COLLECTED MATERIAL:
• • • • •

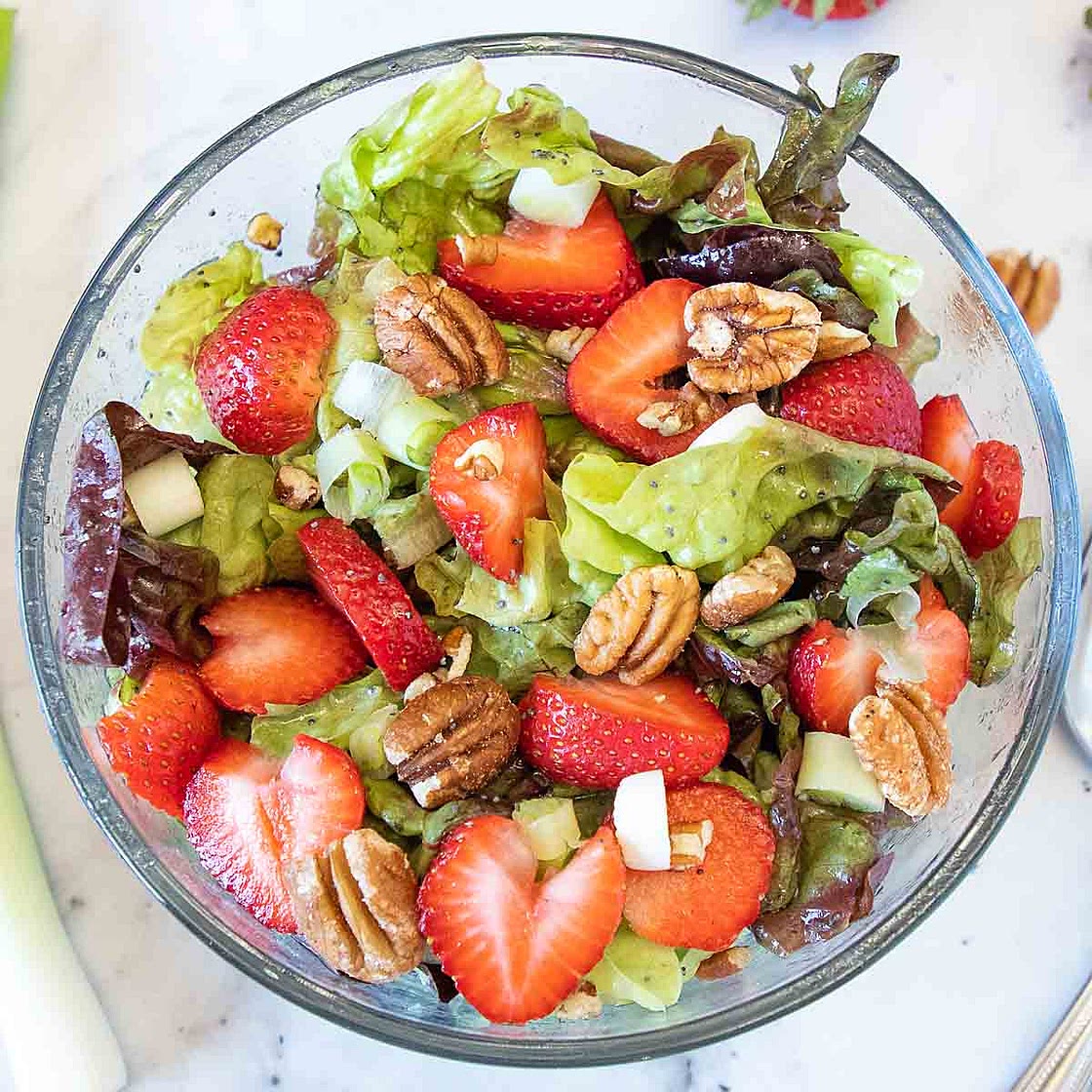 Butter Lettuce Strawberry Salad with Poppyseed Dressing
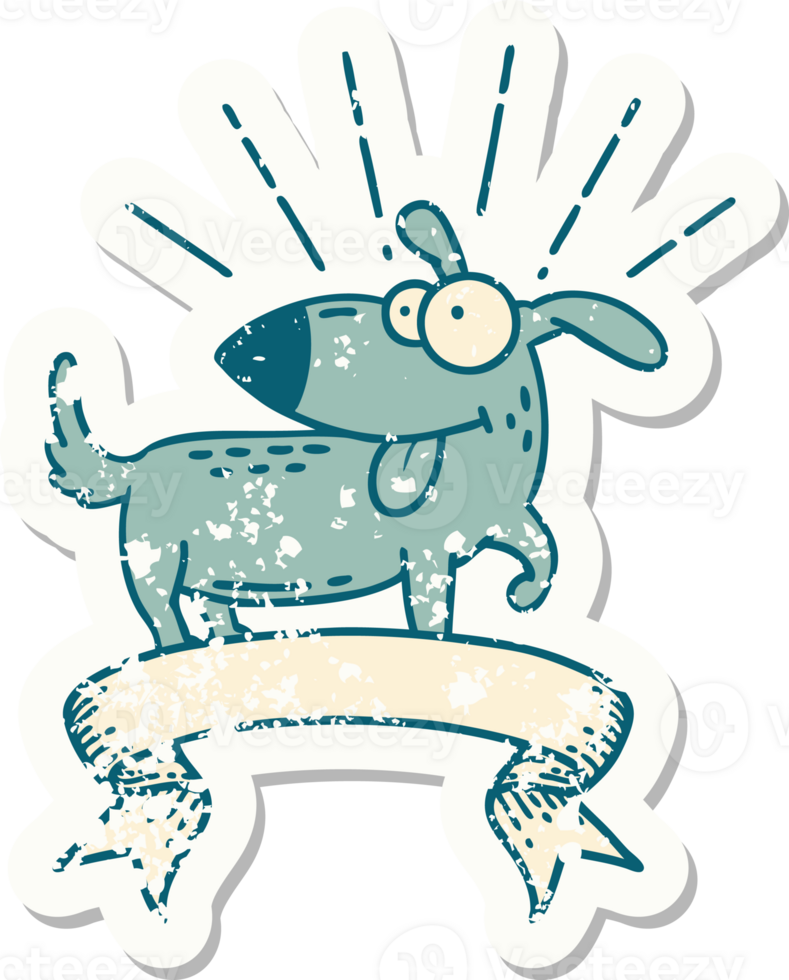 worn old sticker of a tattoo style happy dog png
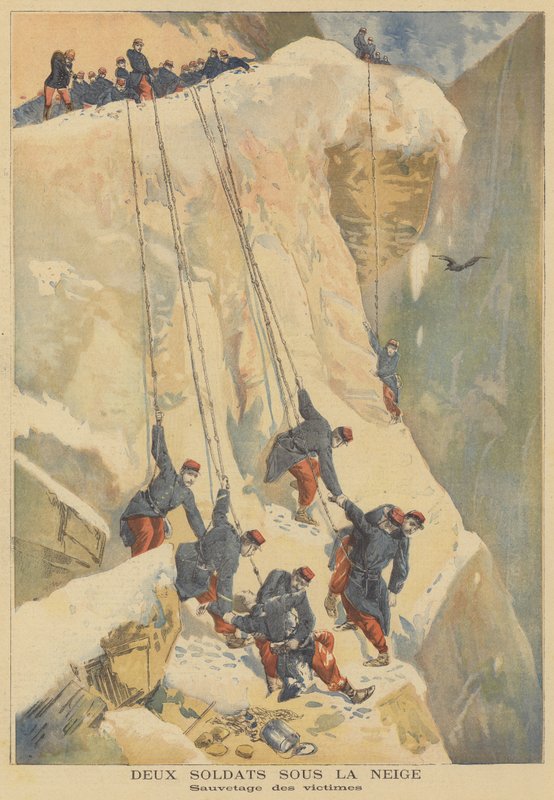 Salvataggio di due soldati francesi sepolti da una valanga nelle Alpi da French School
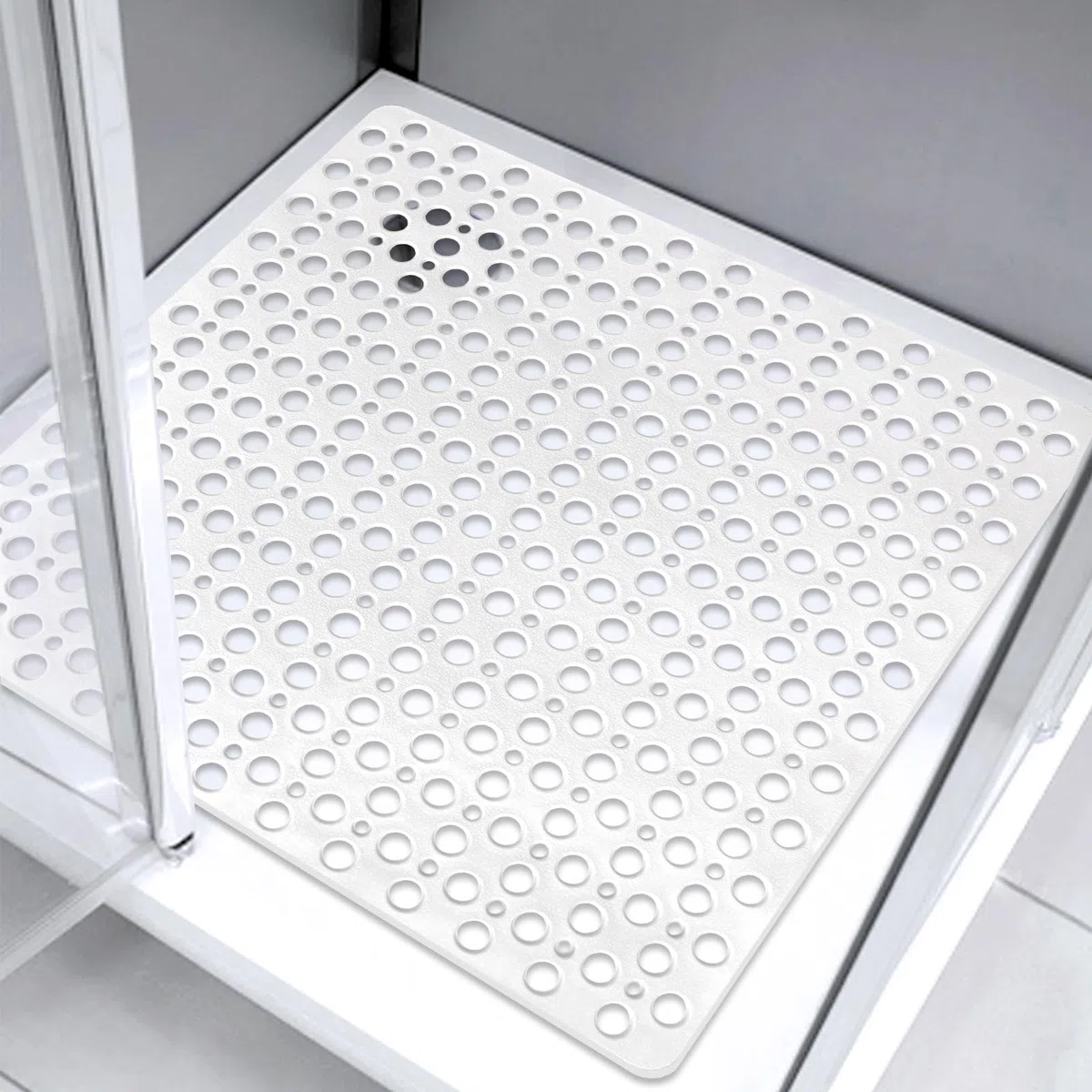 Tappetino da doccia quadrato, antiscivolo, anti-muffa: 70 x 70 cm, grande, per cabina doccia, in gomma morbida, antiscivolo, per bagno, pavimenti bagnati, lavabile in lavatrice, bianco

• • • • •

WHAT TO PRODUCE: The required output is the listing above reproduced exactly, pictures removed.

ANSWER TO THE PROBLEM:
 Butter Lettuce Strawberry Salad with Poppyseed Dressing
 worn old sticker of a tattoo style happy dog png
 Salvataggio di due soldati francesi sepolti da una valanga nelle Alpi da French School
 Tappetino da doccia quadrato, antiscivolo, anti-muffa: 70 x 70 cm, grande, per cabina doccia, in gomma morbida, antiscivolo, per bagno, pavimenti bagnati, lavabile in lavatrice, bianco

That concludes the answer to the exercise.